In ‘Awaydays’ wordt hooliganisme feitelijk gepresenteerd als een vorm van escapisme. Doordat alternatieven ontbreken, en zeker de twee hoofdpersonen in mentaal opzicht verweesde jongeren zonder een mentaal anker zijn, heeft een groep die wijd en zijd angst en respect inboezemt natuurlijk veel aantrekkingskracht. ‘Awaydays’ werd matig ontvangen en trok in Engeland geen volle zalen. De oorzaak is waarschijnlijk dat de film zich bevindt in een schemergebied tussen arthouse en commercialiteit. Als je naar de hoes kijkt, krijg je al snel het idee dat je te maken hebt met een gewelddadig, zeer realistisch actiespektakel. En de knokscènes zijn bij tijd en wijle inderdaad niet van de poes. Mensen worden zonder gêne met vuisten, voeten en steekwapens behoorlijk toegetakeld. Maar realistisch zijn de gevechten lang niet altijd. De leden van The Pack doorstaan de veldslagen – vaak tegen oudere, grotere en beduidend forsere tegenstanders – steevast zonder kleerscheuren. Opvallend is ook dat het planten van een stiletto in iemands oogkas of halsslagader in ‘Awaydays’ blijkbaar niet uitmondt in strafrechtelijke repercussies. Stilistisch lijkt de film vooral te mikken op filmhuiskijkers. Helaas graaft ‘Awaydays’ inhoudelijk niet diep genoeg om de meest kritische individuen onder het filmhuispubliek echt in vervoering te brengen. De prent is daarentegen weer net een tikkeltje te onconventioneel om commercieel hoge ogen te kunnen gooien.

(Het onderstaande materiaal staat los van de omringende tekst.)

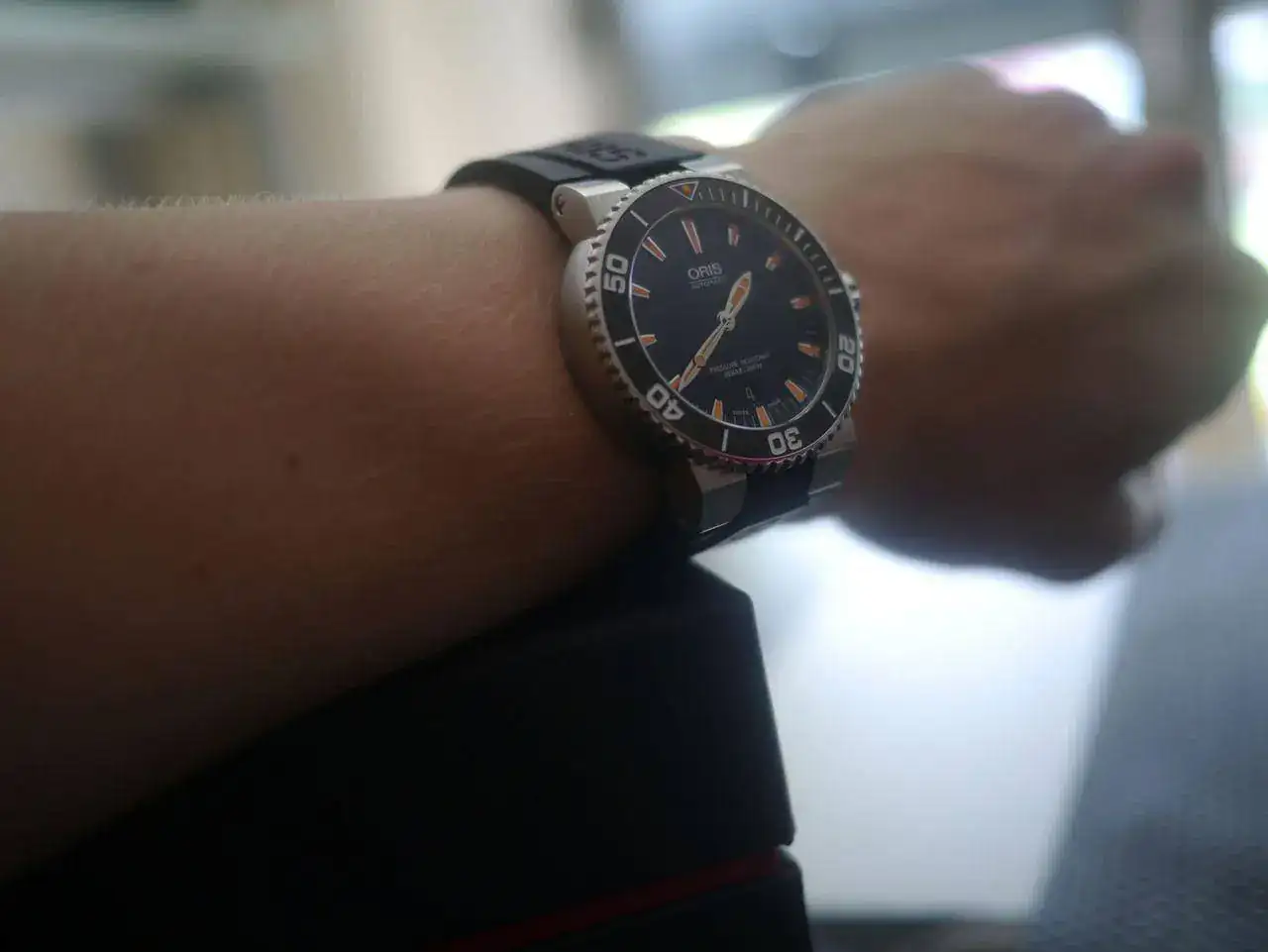 alitaet-zum-bestaunen-oris_aquis_pic10_wrist_klein.webp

‘Awaydays’ is zeker geen slechte film. Het lijkt alleen alsof de makers een beetje in dubio hebben gestaan: willen we nou een dieptestudie van het hooliganisme, een rauwe knokfilm, een donkere karakterstudie van twee met zichzelf worstelende jongeren of een tijdsdocument van het Engeland in de late jaren zeventig maken? Het uiteindelijke antwoord valt na 101 kijkminuten moeilijk te geven.